# Post Reformation Reformed Dogmatics & A New Systematic Theology of the Christian Fait



## bccrawf (Jul 27, 2013)

Hello all,

I've been looking around for copies to purchase of two works that seem to be out of print unfortunately.:

Post-Reformation Reformed Dogmatics (4 vols) by Richard Muller: Amazon.com: Post-Reformation Reformed Dogmatics: The Rise and Development of Reformed Orthodoxy, ca. 1520 to ca. 1725 (4 vols.) (9780801026188): Richard A. Muller: Books

A New Systematic Theology of the Christian Faith (2nd edition) by Robert Reymond: A New Systematic Theology Of The Christian Faith 2nd Edition - Revised And Updated: Robert L. Reymond: 9780849913174: Amazon.com: Books

1) Has anyone seen either these available for purchase recently? If so, where? 2)Does anyone happen to have a copy they'd like to sell off? 

Thanks!


----------



## Pilgrim (Jul 27, 2013)

Here are some helpful sites that are search engines that search several of the major used book sites: 

AddALL Used and Out of Print book search
BookFinder.com: Search for New & Used Books, Textbooks, Out-of-Print and Rare Books
BookFinder4U - Compare book prices at 130 bookstores, Book finder for cheap books, discount books, book rentals

There's always eBay too. I saw Vol. 2 of Muller on there the other day and it was at a reasonable price. Set up a search and it will email you when something meeting that description or close to it is posted. You can use their smartphone app to do the same thing.

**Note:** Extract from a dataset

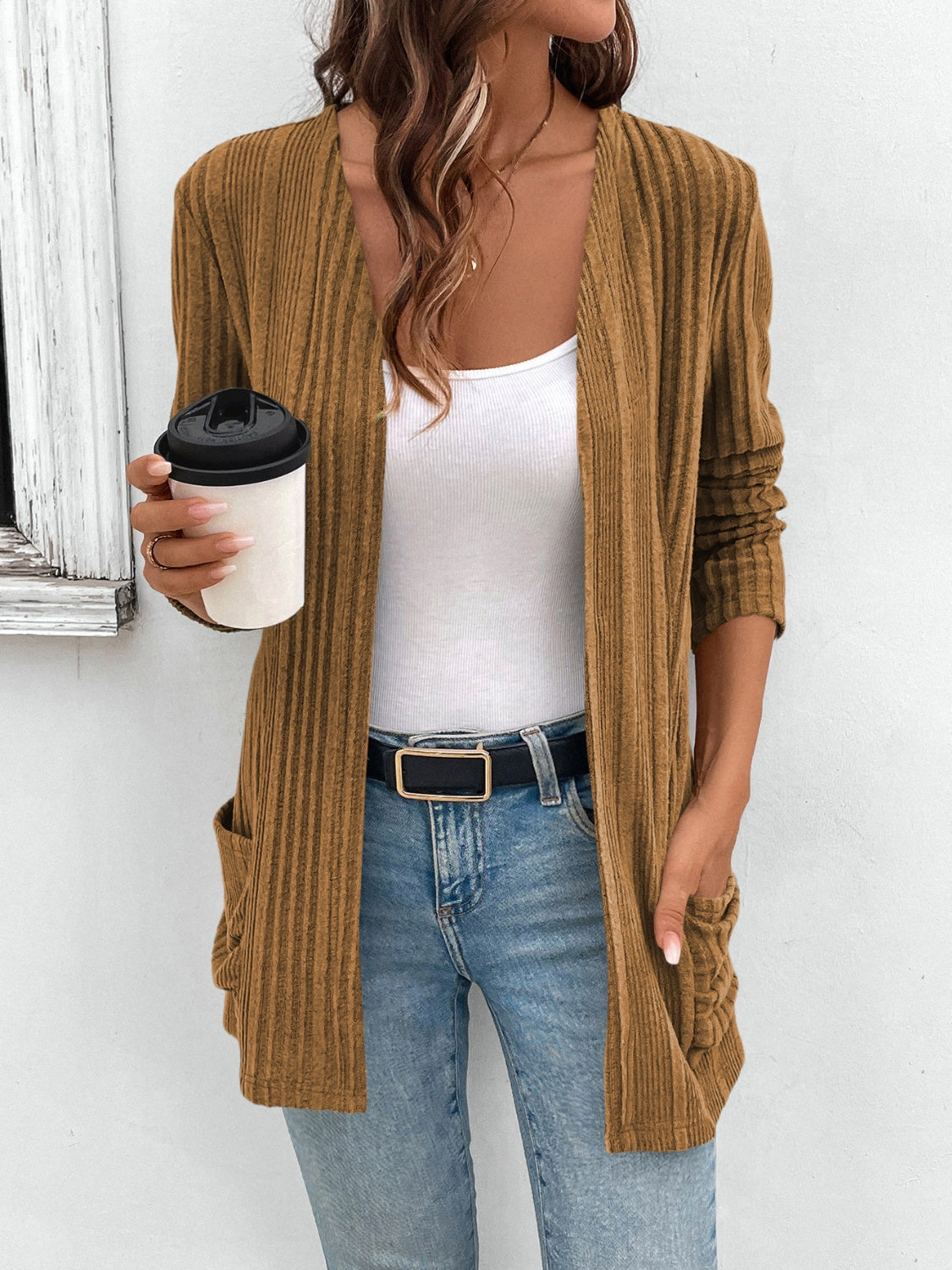 Atreoo – Pocketed Open Front Long Sleeve Cardigan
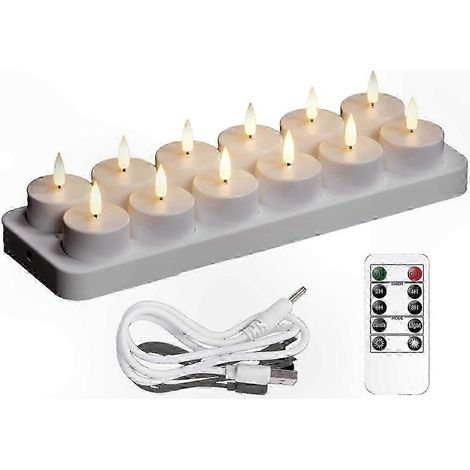 Bougies LED rechargeables sans flamme avec télécommande, lot de 12 pour décoration et fêtes, chauffe-plat lumineux (1/5)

You can do the same thing with Half.com, Abebooks and probably some of the other used book sites too. 

The Kindle edition of Reymond (which I think was recently released) is $25.99. Used copies are available in the Amazon Marketplace starting at $26.29. Some people's rule of thumb is to save $$ even on in print books and buy at VG or higher in the Amazon Marketplace. But your standards may not be so high. Mine aren't necessarily if it looks like a good deal. The problem with Amazon is that often the sellers don't have a description at all (beyond the condition) or else it's a vague description.

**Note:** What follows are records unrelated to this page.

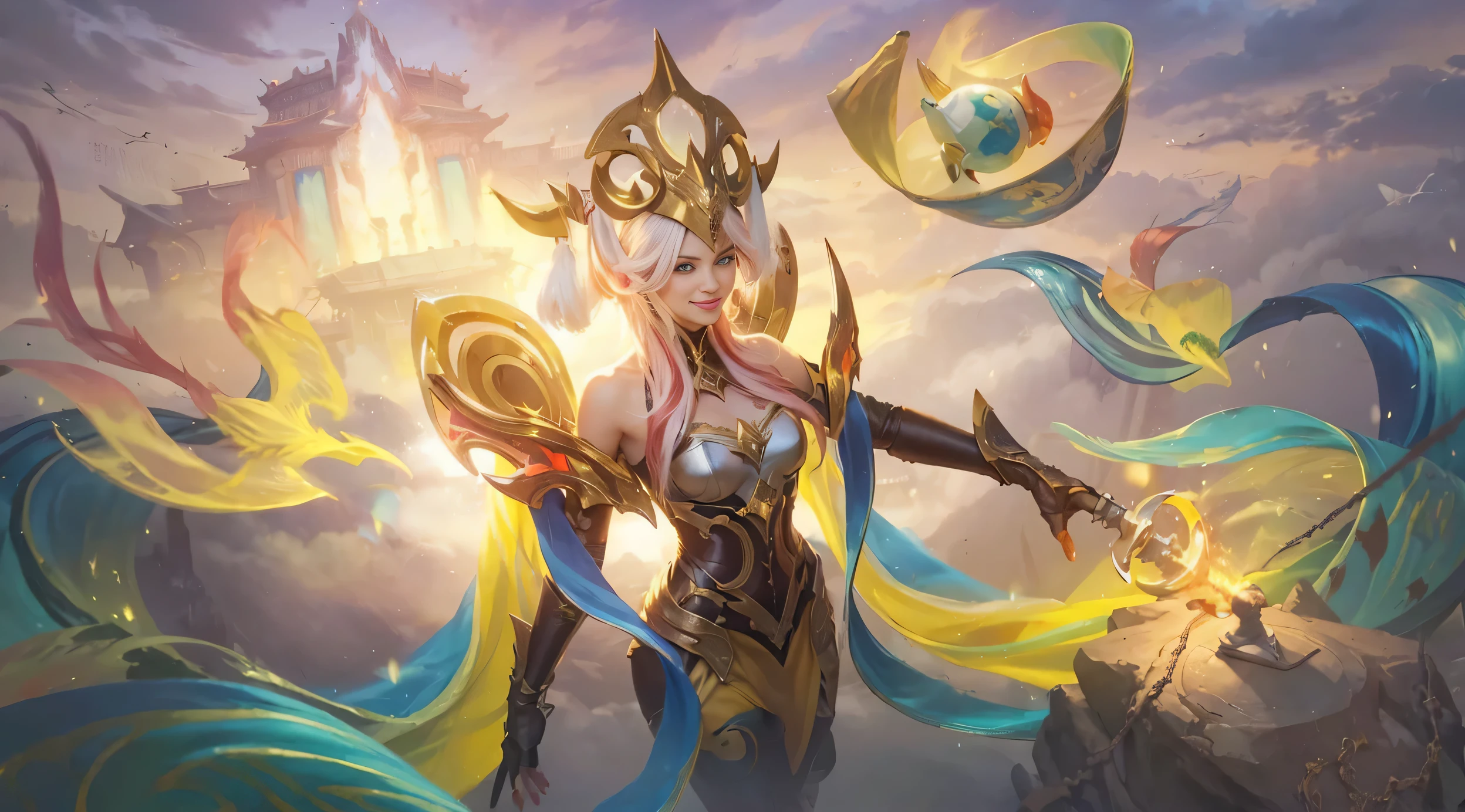 8k, best quality, highres, realistic, real person, A warrior facing a demon lord, more lightly armored this time, with a mischievous, cunning smile. The warrior has short red hair and wields a large, ornately decorated axe. The setting is a fantasy battleground. The warrior's pose is more relaxed and sly, reflecting their crafty personality. The background includes magical effects and a dark, ominous atmosphere, emphasizing the ongoing battle. StarkFrieren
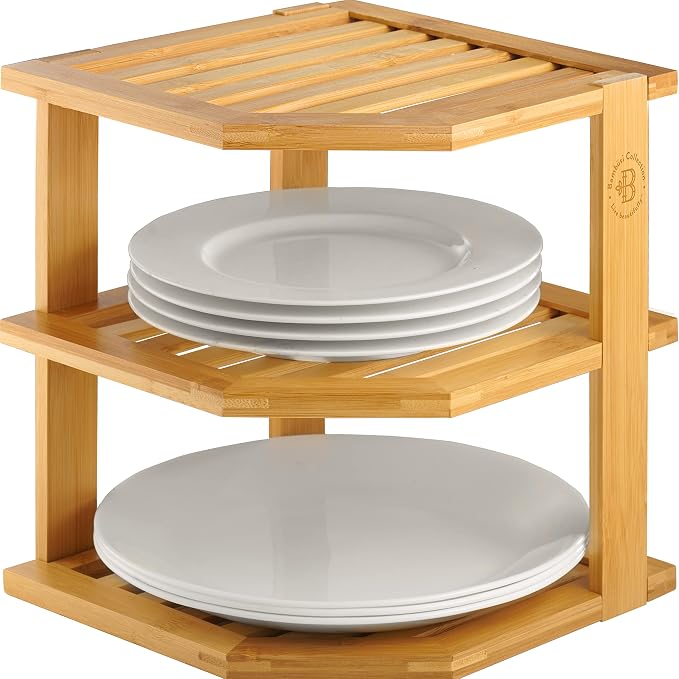 Bambüsi Kitchen Cabinet Organizer, Corner Plate Organizer for Cabinet | 3-Tier Bamboo Corner Shelf Rack, Holds Plates Bowls Mugs Cups, Space Saving Dish Storage Organization, Easy Assembly by Bamb%C3%BCsi
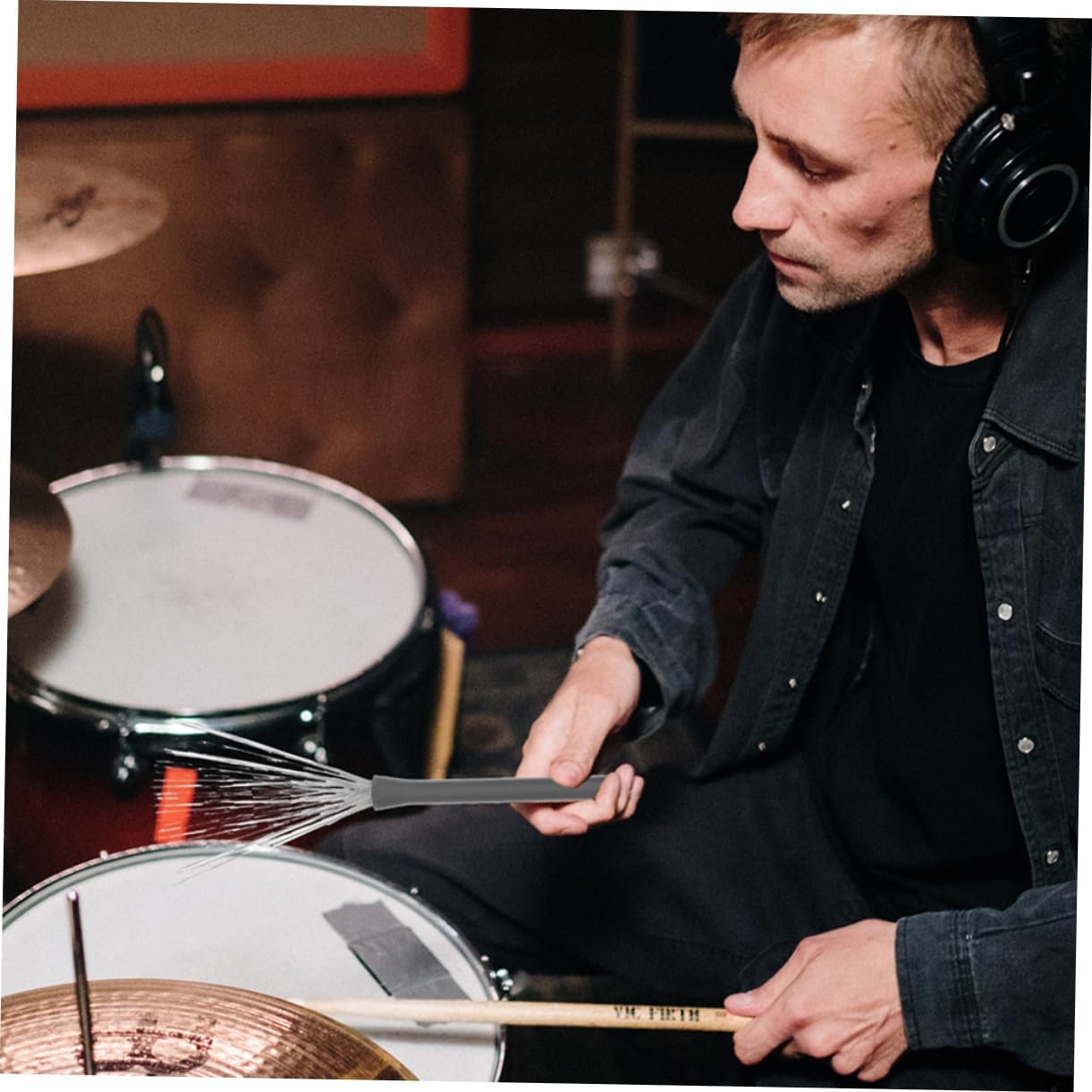 Kisangel 3pcs Drum Brushes: Professional Stainless Steel Wire Brushes With Drawstring Bag For Jazz Drums And Percussion Instruments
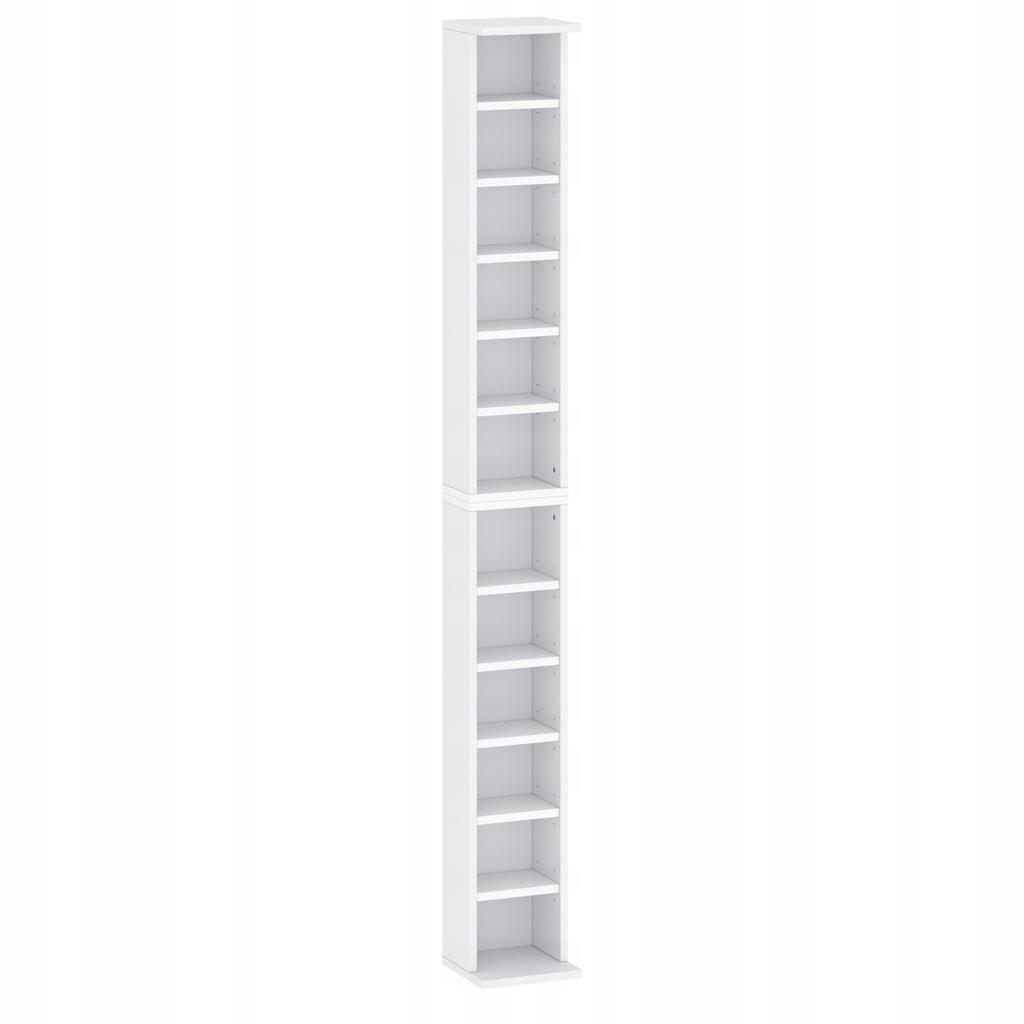 CD/DVD Rack with Adjustable Shelves, White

The last time I looked some of the volumes of that Muller set were very expensive. But some of those sellers are just going for the ripoff from unsuspecting customers. I don't know much about that set in particular. But in general unless something is very rare, if you wait long enough and know where to look, you will find a decent deal sooner or later. With a multivolume set it may or may not be easier to buy the volumes individually. Sometimes you can save $$ doing that or buying them in stages if you need to do that. But the risk is not being able to find a particular volume in a multivolume set when you want it or need it.


----------



## Pilgrim (Jul 27, 2013)

Muller doesn't appear to be out of print. It's just expensive. (Whether it's in print or not, they indicate that they have it in stock. EDIT: I notice now it tells us that "This item usually ships in 1 to 3 months," which doesn't inspire confidence. The few other sites I've checked show it as out of stock. But Amazon will let you pay for it anyway.) 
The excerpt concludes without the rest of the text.